■ Task requirements
Beneath this line is the data. Output exactly the lines from the line with "Spill in Pink, Orange, and" to the line with "Funny Dog Meme", both ends included, and nothing more.

■ Source records
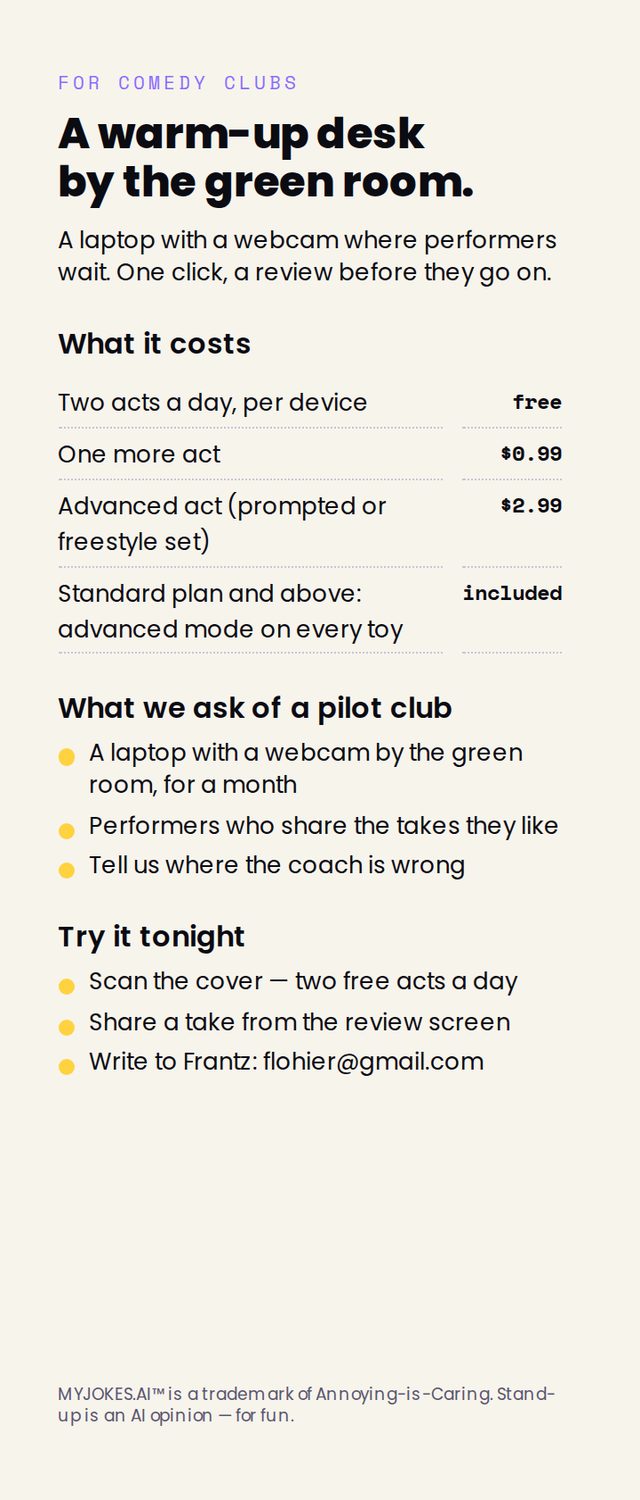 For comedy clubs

---

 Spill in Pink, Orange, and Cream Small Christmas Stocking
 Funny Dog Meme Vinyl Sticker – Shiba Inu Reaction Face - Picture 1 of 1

■ Answer space
 Spill in Pink, Orange, and Cream Small Christmas Stocking
 Funny Dog Meme Vinyl Sticker – Shiba Inu Reaction Face - Picture 1 of 1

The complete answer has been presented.